Dataset items:
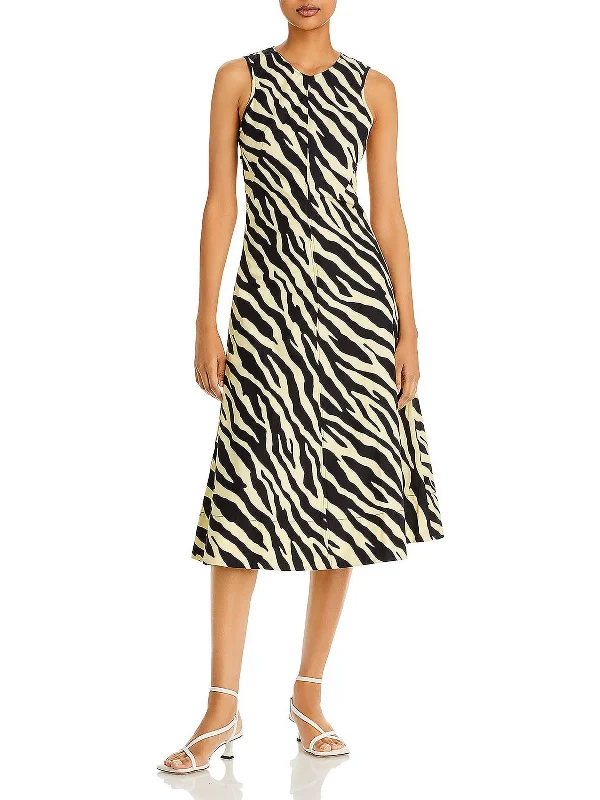 Womens Animal Print Midi Fit & Flare Dress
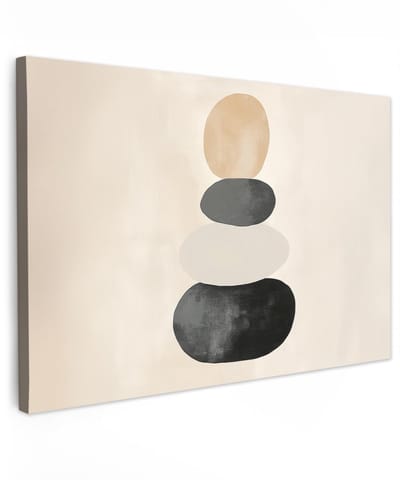 Dailygoods- Canvas Schilderij 120x80 cm - Wanddecoratie Woonkamer - Wanddecoratie Slaapkamer - Japandi - Wabi Sabi - Hoogwaardige Afdrukkwaliteit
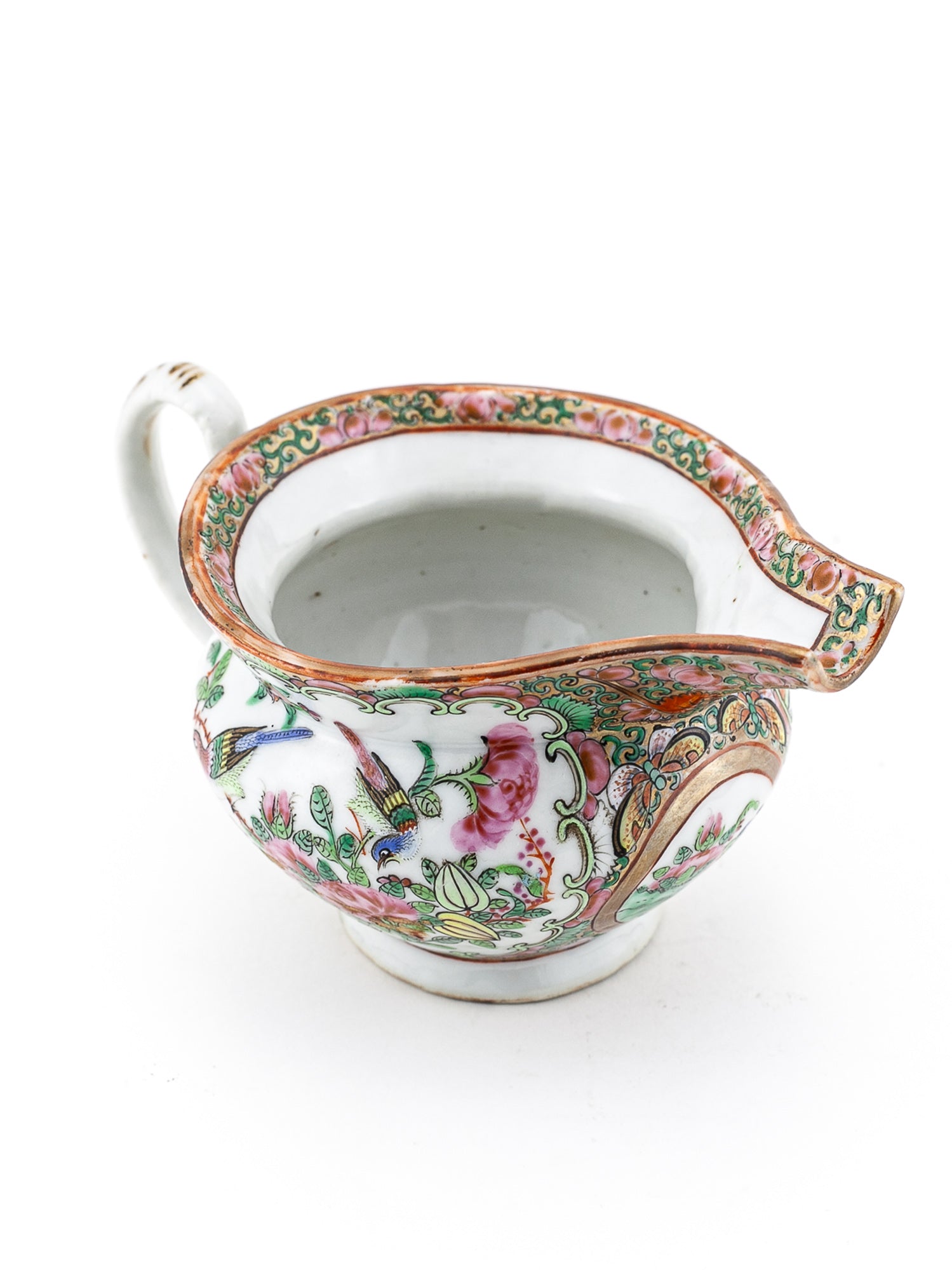 Antique 19th Century Chinese Famille Rose Hog Nose Spout Jug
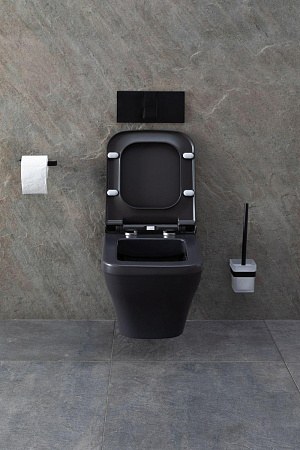 Унитаз подвесной Allen Brau Infinity 4.21011.AN с крышкой, антрацит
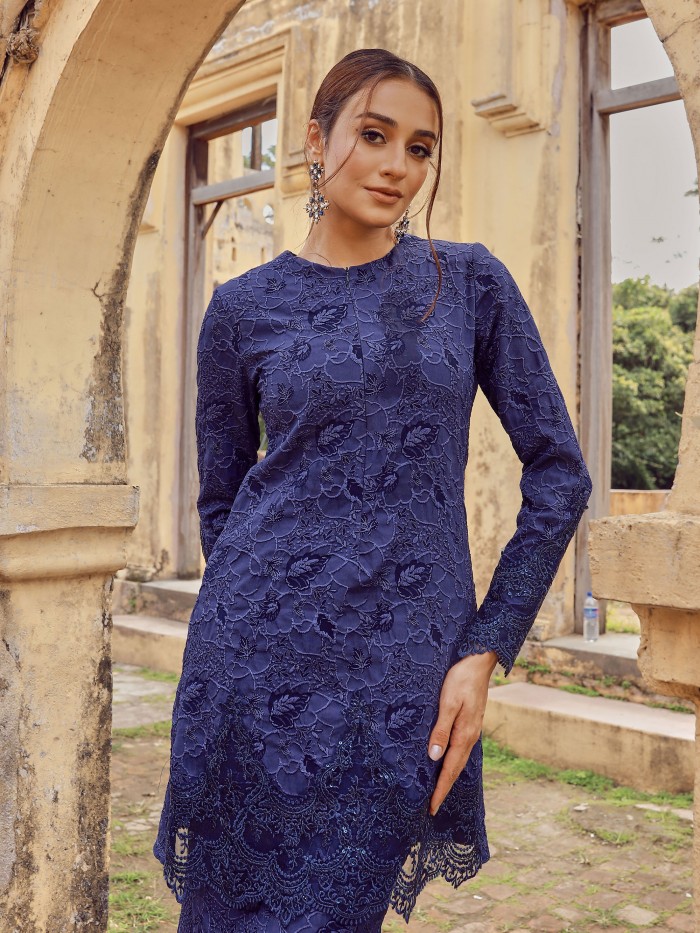 ESYANA KURUNG PAHANG - NAVY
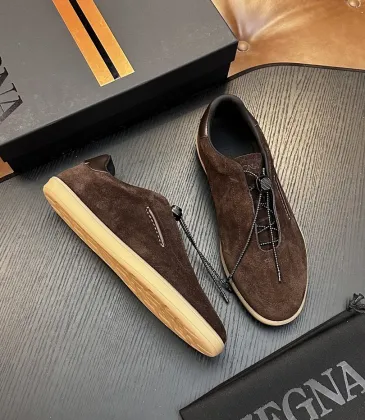 Zegna Men's Triple Stitch Low‑Top Cowhide Suede Sneakers, Multiple Colors #B67511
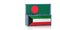 Two freight container with Bangladesh and Kuwait flag.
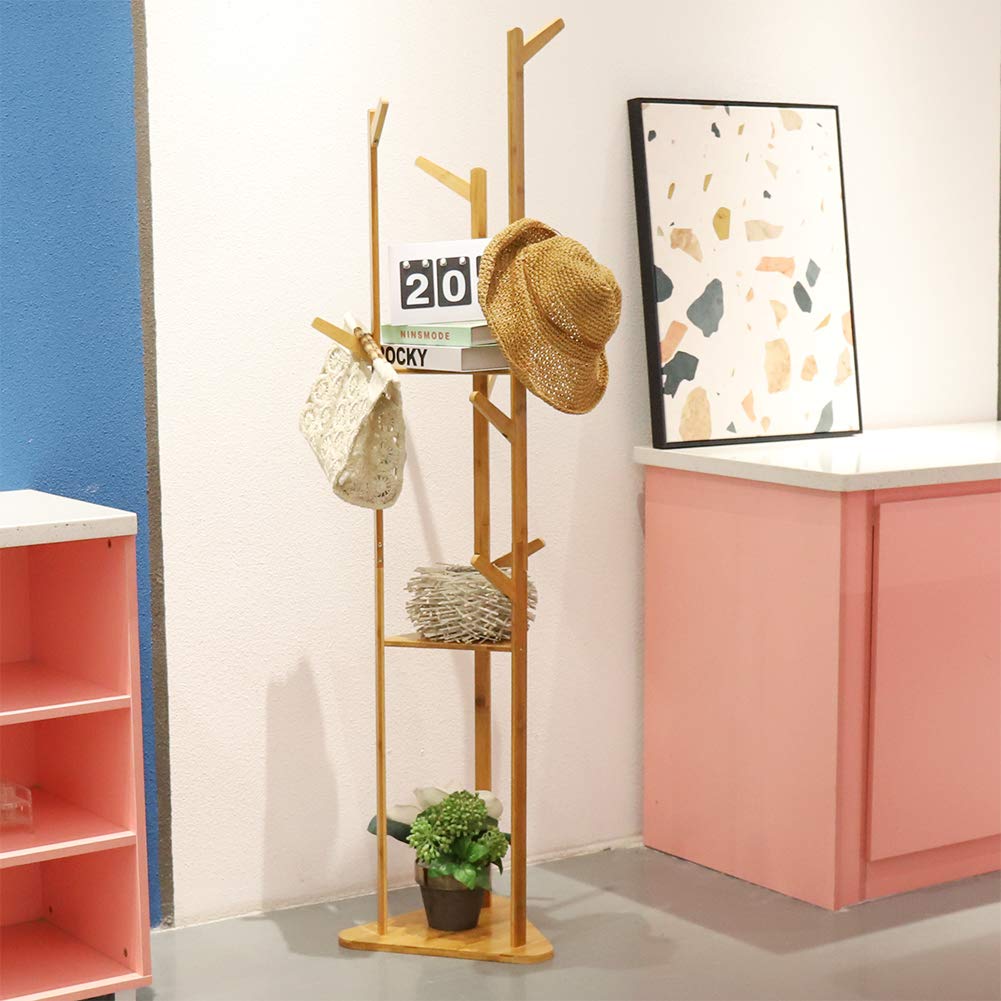 170 cm Bamboo Coat Tree with 9 Hooks & 3 Shelves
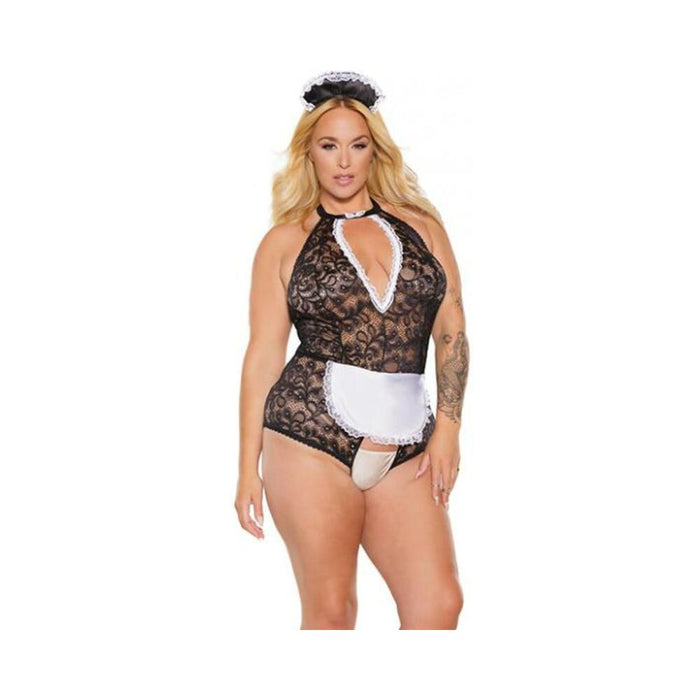 Scallop Stretch Lace Crotchless Maid Teddy W/headpiece Black/white Os/xl - SexToy.com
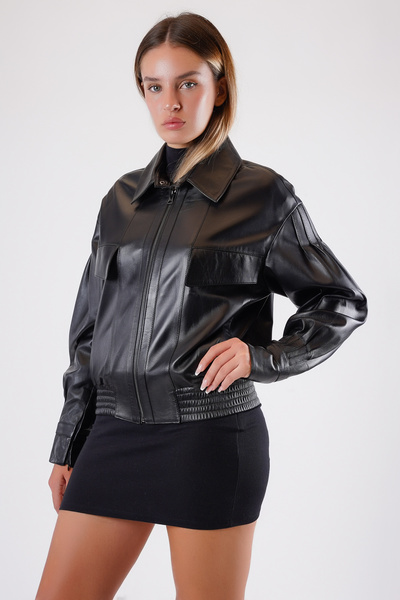 Leather Club Siyah Oversize Hakiki Deri Bomber Ceket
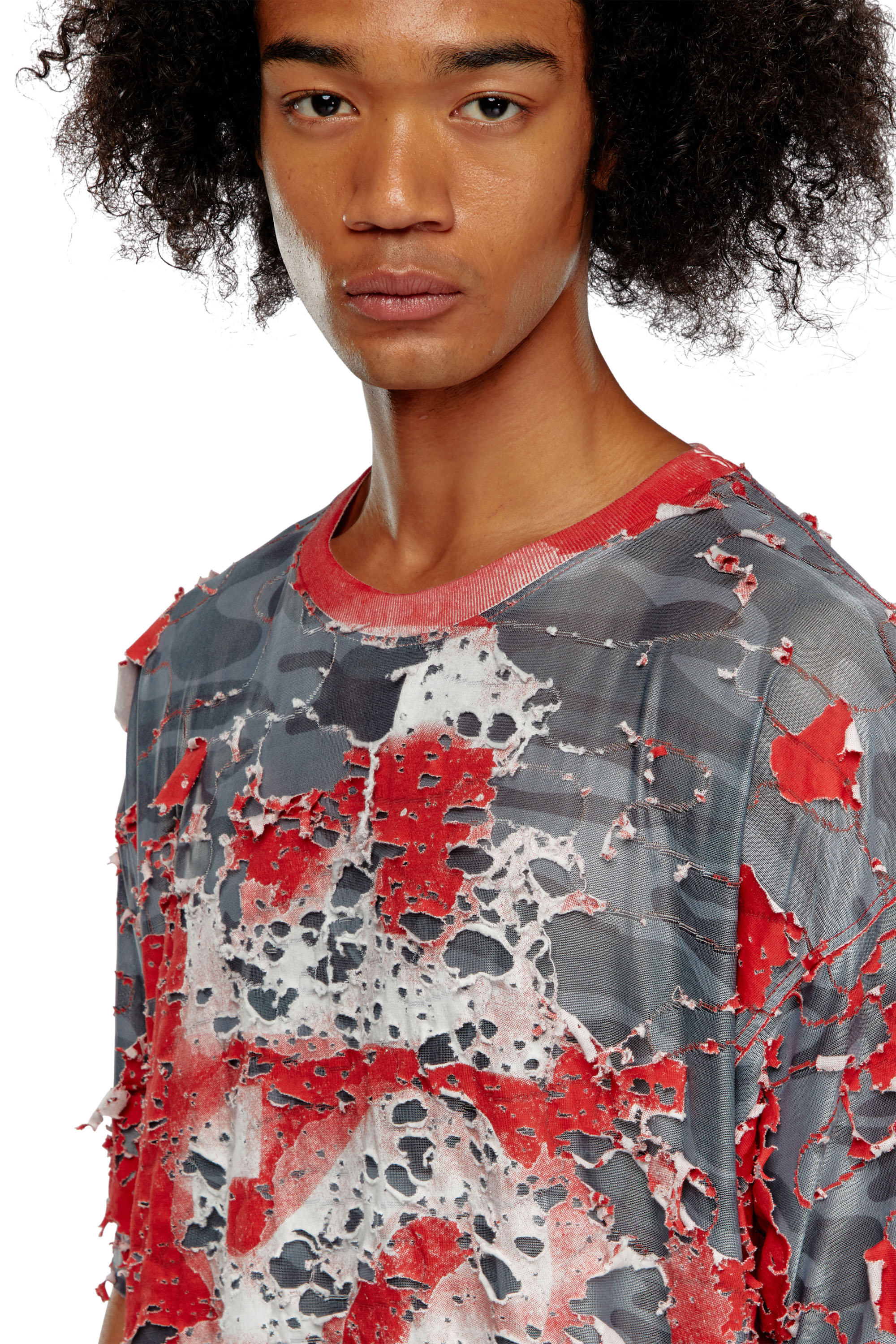 Diesel - T-BOXT-PEEL, Camiseta con logotipo en tejido destruido Hombre in Rojo - 5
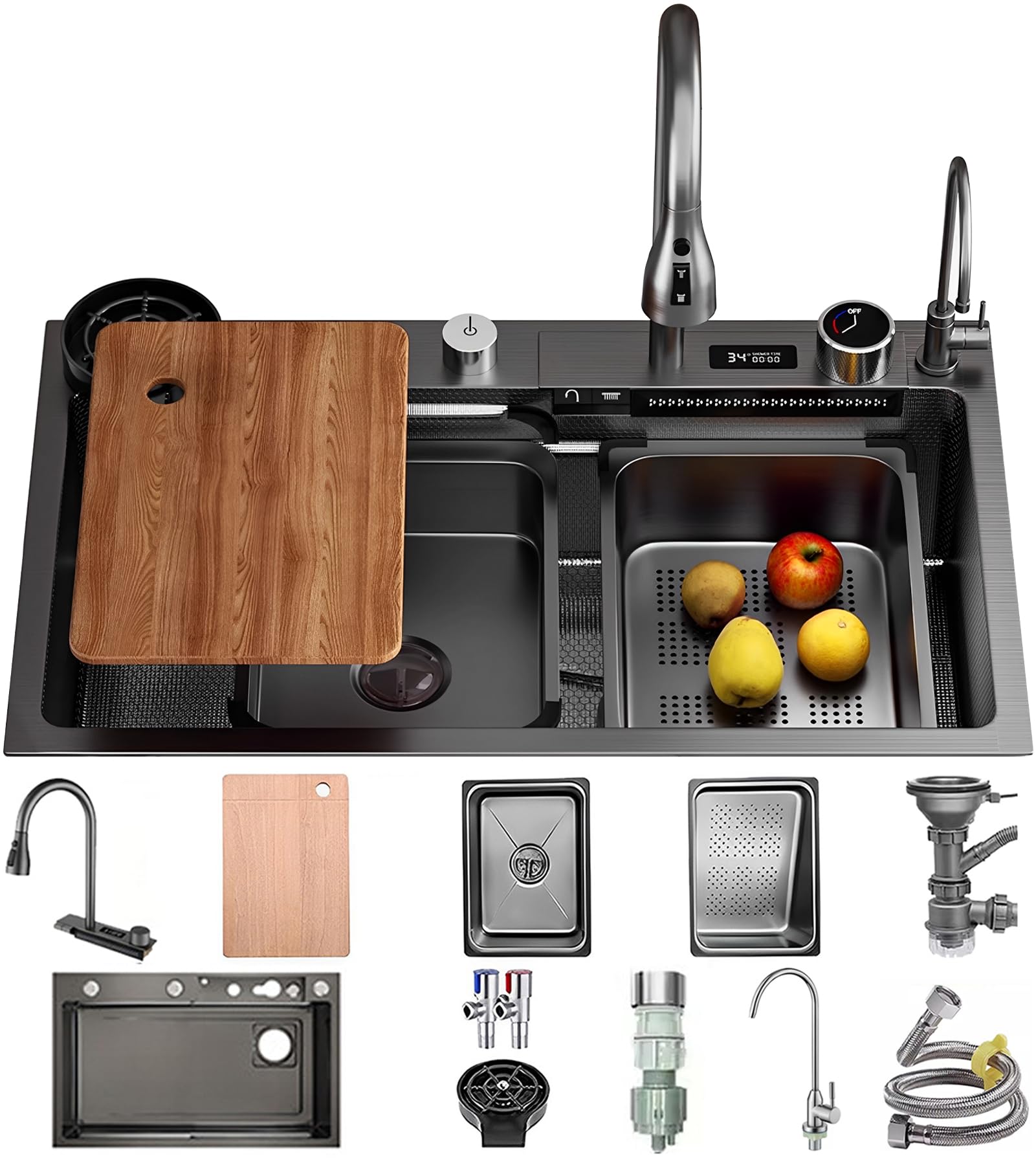 ZQFHSX 75 x 50 cm Waterfall Sink, Stainless Steel Black Grey Kitchen Sink with Display Screen, 1 Basin, Large Workplace Chopping Board, Siphon, Overflow and Drain Set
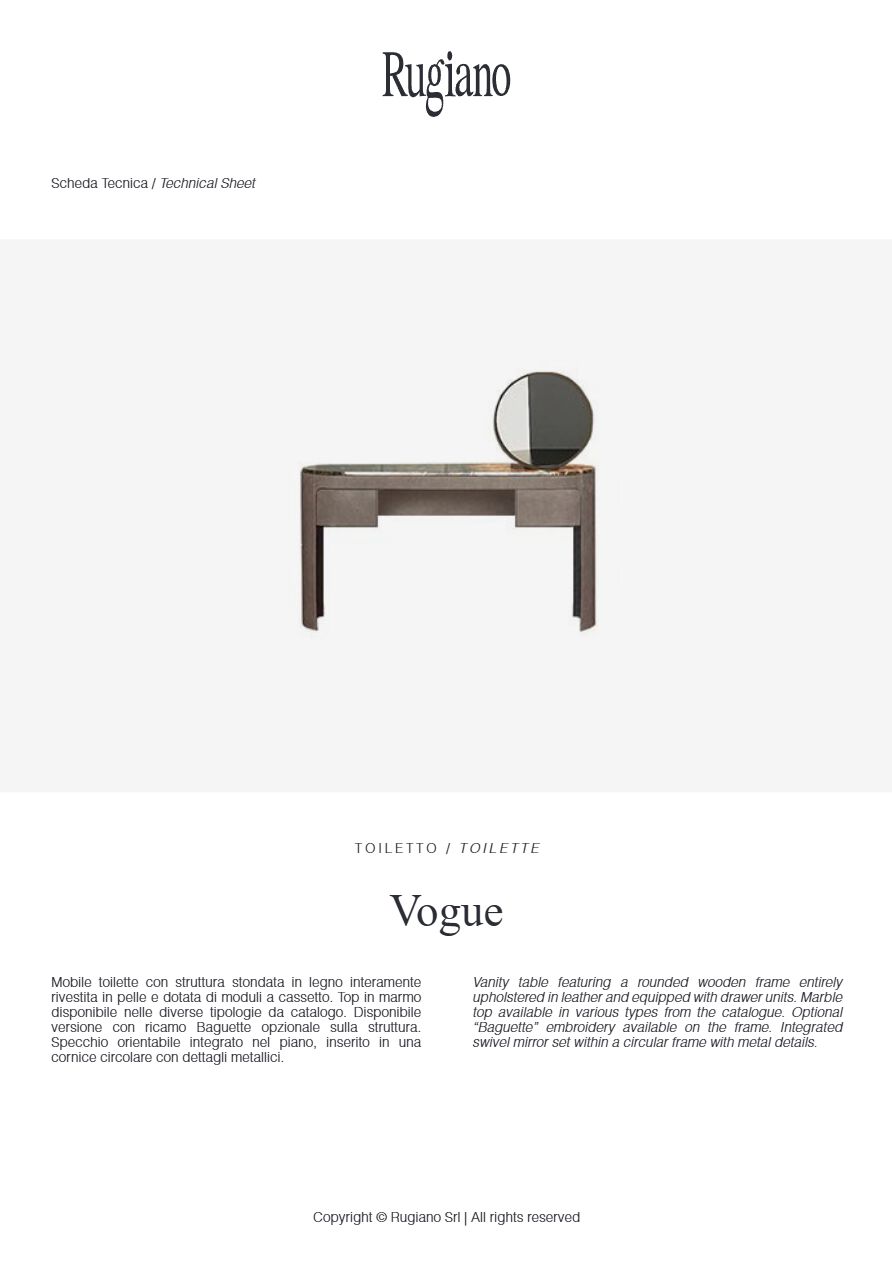 VOGUE Dressing table By Rugiano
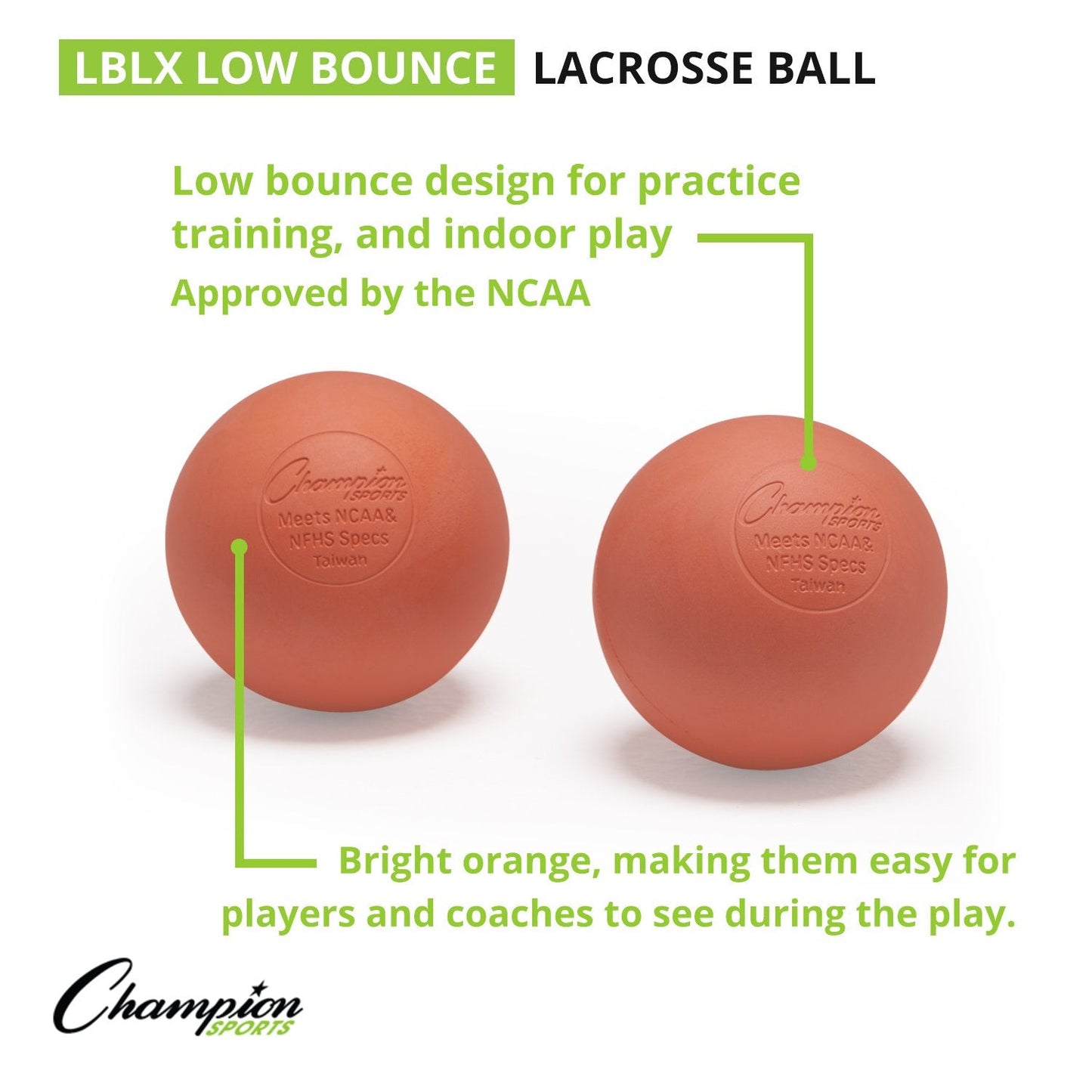 Champion Sports Low Bounce Lacrosse Balls – Official Size for Practice & Training & Indoor Play, NCAA, NHFS Certified, 12-Pack, Orange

> Exercise brief
Copy only this, please: the line with "Zegna Men's Triple" and every line after it through the end of the data, with no pictures.

> Task result
 Zegna Men's Triple Stitch Low‑Top Cowhide Suede Sneakers, Multiple Colors #B67511
 Two freight container with Bangladesh and Kuwait flag.
 170 cm Bamboo Coat Tree with 9 Hooks & 3 Shelves
 Scallop Stretch Lace Crotchless Maid Teddy W/headpiece Black/white Os/xl - SexToy.com
 Leather Club Siyah Oversize Hakiki Deri Bomber Ceket
 Diesel - T-BOXT-PEEL, Camiseta con logotipo en tejido destruido Hombre in Rojo - 5
 ZQFHSX 75 x 50 cm Waterfall Sink, Stainless Steel Black Grey Kitchen Sink with Display Screen, 1 Basin, Large Workplace Chopping Board, Siphon, Overflow and Drain Set
 VOGUE Dressing table By Rugiano
 Champion Sports Low Bounce Lacrosse Balls – Official Size for Practice & Training & Indoor Play, NCAA, NHFS Certified, 12-Pack, Orange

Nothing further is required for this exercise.